OdpowiedzUsuńAle cała wyprawka bardzo ładna, a owijaki obłędne! <3
Kochana, życzę Ci szybkiego i szczęśliwego rozwiązania :)
Zawsze można go wyprać, bo bardzo łatwo się go zdejmuje, a firanki też zbierają kurz, przed nim nie da się uchronić niestety. Dzięki za odwiedziny ;)
OdpowiedzUsuńTeż mamy baldachim :) A karuzela to fajna rzecz przynajmniej jeśli chodzi o moją córcię, która bardzo karuzelę lubi.
OdpowiedzUsuńCo do porodu to życzę ci szybkiego porodu i dobrego personelu bo przy porodzie patrząc na moje dwukrotne doświadczenie to personel jest najważniejszy. Sama rodziłam niecałe dwa miesiące temu :)
Ślicznie to wszystko wygląda.
OdpowiedzUsuńFajnie, że wszystko już masz gotowe. Nie będzie zawrotu głowy po powrocie z maleństwem do domu :)
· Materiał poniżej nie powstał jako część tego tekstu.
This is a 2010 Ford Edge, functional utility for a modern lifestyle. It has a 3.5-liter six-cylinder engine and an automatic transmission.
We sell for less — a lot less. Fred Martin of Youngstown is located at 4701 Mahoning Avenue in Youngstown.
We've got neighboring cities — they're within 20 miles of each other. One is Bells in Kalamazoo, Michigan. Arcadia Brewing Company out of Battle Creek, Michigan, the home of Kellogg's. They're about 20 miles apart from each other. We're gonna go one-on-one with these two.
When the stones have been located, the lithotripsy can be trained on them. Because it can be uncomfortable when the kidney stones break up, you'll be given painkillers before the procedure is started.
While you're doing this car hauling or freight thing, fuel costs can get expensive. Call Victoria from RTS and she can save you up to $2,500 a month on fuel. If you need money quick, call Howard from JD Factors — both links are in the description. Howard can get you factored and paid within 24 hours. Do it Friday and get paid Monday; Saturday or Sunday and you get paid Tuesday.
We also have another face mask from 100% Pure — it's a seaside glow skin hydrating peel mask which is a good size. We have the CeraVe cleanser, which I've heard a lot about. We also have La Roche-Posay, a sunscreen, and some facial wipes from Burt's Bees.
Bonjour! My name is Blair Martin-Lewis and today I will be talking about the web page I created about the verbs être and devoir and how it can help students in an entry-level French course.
OdpowiedzUsuńSwoją drogą małe się nie spieszy na ten świat :P
Szybkiego porodu i 10 punktów życzę :*
Świetna wyprawka, a ten baldachim jest genialny! Sama mam taki nad łóżkiem więc jestem tym bardziej zauroczona :)
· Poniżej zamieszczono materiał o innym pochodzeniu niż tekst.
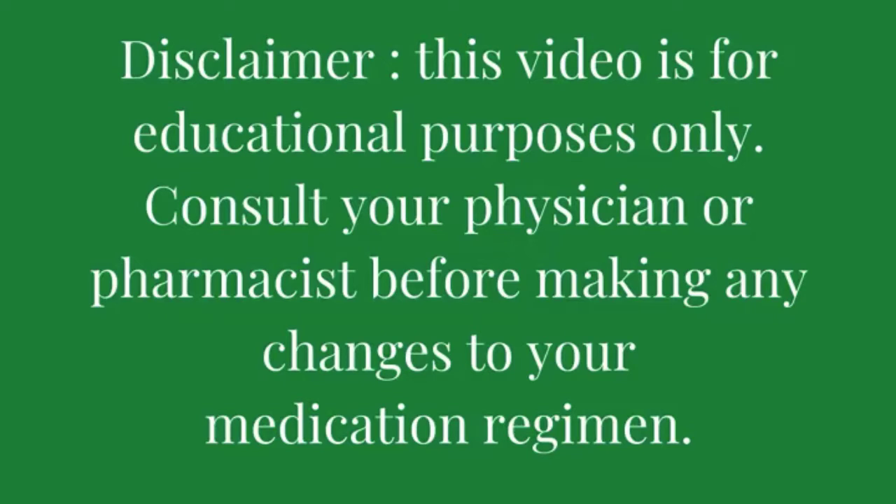For information on how to have your medications managed by Dr. Lainey, see the information in the description box below. Welcome to part three of my seasonal allergy must-haves five-part series. I can't believe we're on part three already. This is another non-prescription method that I use to manage my seasonal allergies.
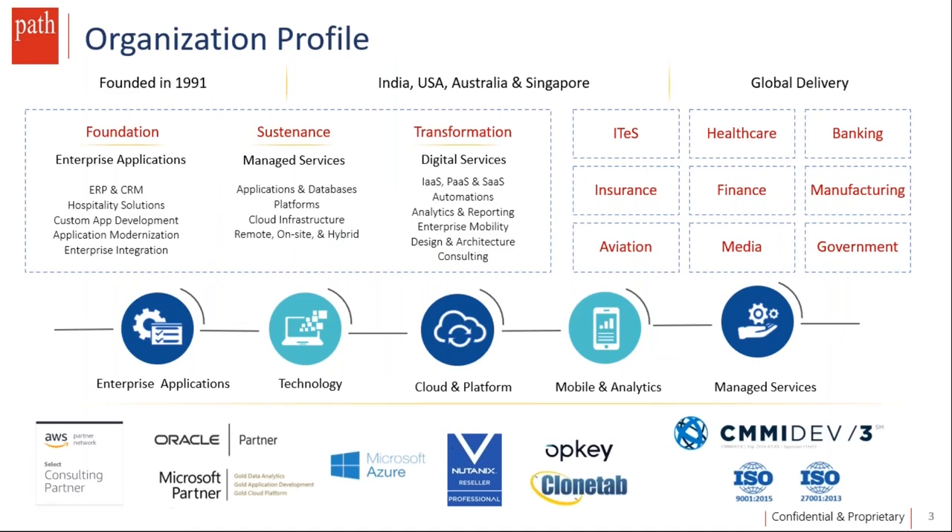PathInfoTech is a technology-led business solutions company offering digital transformation, foundational, and sustenance services across industry domains. We bring the right blend of functional knowledge and technology excellence that empowers our customers to embrace automation, cloud — whether IaaS, PaaS, or SaaS — mobility, analytics, enterprise applications, and cross-platform integration. Today we bring you an exciting session on MySQL: find out how you can achieve the highest levels of scalability, security, reliability, and uptime with MySQL.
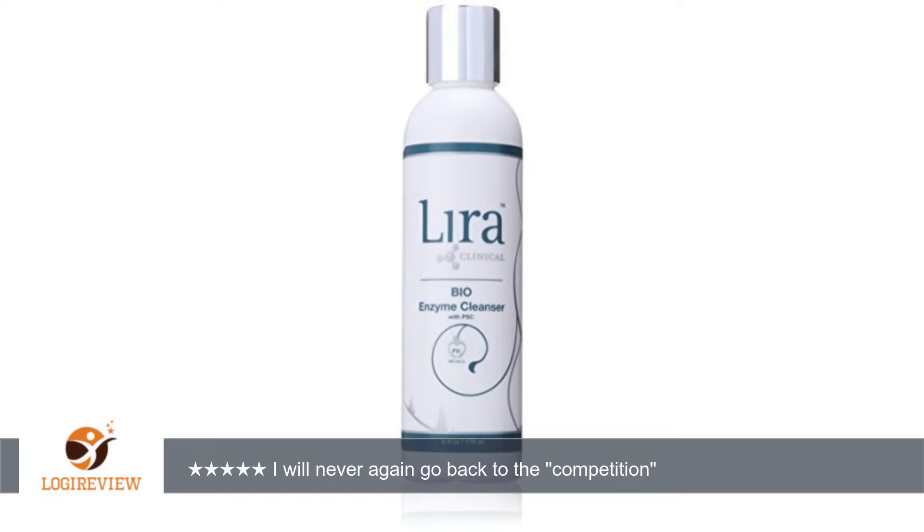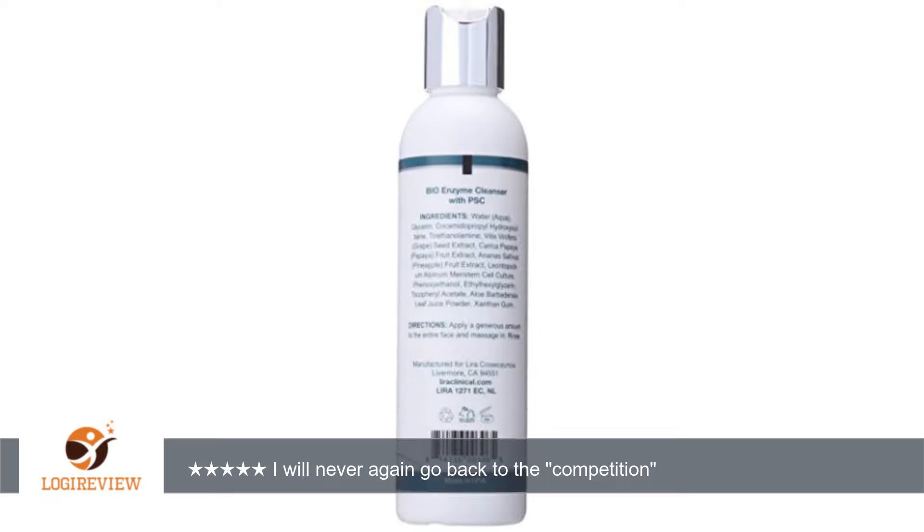A customer wrote: My esthetician recommended this product, and while I was a little hesitant to pay the $1.39 plus price at the salon, I did decide to look up additional information and decided to buy on Amazon.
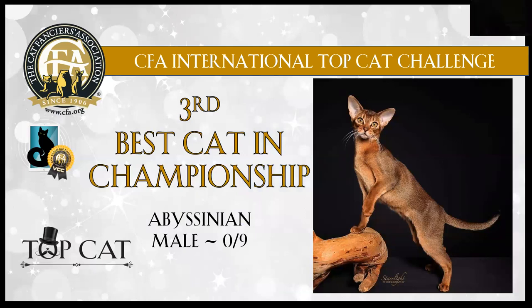Third best cat: this gorgeous Abyssinian male, only nine months old in this picture. His coat just absolutely glows. You can see the ticking just from the picture. He's nice and clean — there are no marks on his coat. Gorgeous undercoat color. Love the head style, beautiful eyes, all those pencil markings on his face, large cupped ear. Look at that beautiful length of leg. It's just exquisite. Today this Abyssinian is my third best cat in championship.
OdpowiedzUsuńDo mnie powoli jakieś części instynktów macierzyńskich zaczynają docierać, bo coraz lepiej daję sobie radę z dziećmi, ale do samego macierzyństwa przede mną jeszcze długa droga :)
Postarałaś się. Ja uwielbiam małe dzieci <3
OdpowiedzUsuńNa Facebooku widziałam już zdjęcie w szpitalu. Więc czekamy z tobą na maluszka, który będzie szczęśliwy przy boku takiej mamusi.
Łóżeczko najlepsze!
Zapraszam na nowy post: http://reliablemargaret.blogspot.com/
Gratuluje:) I duzo zdrowka dla Ciebie i dla malenstwa. Ja mam termin na lipiec, takze jeszcze troszke:)
OdpowiedzUsuńCudowna wyprawka!!!!! <3 moge wiedzieć gdzie mama dostała takie śliczne owijaki? ;)
OdpowiedzUsuńDostałam je w prezencie od mamy i siostry. Znalazły je w galerii, ale nie mam pojęcia w którym sklepie sklepie
UsuńI used to be able to find good information from your blog articles.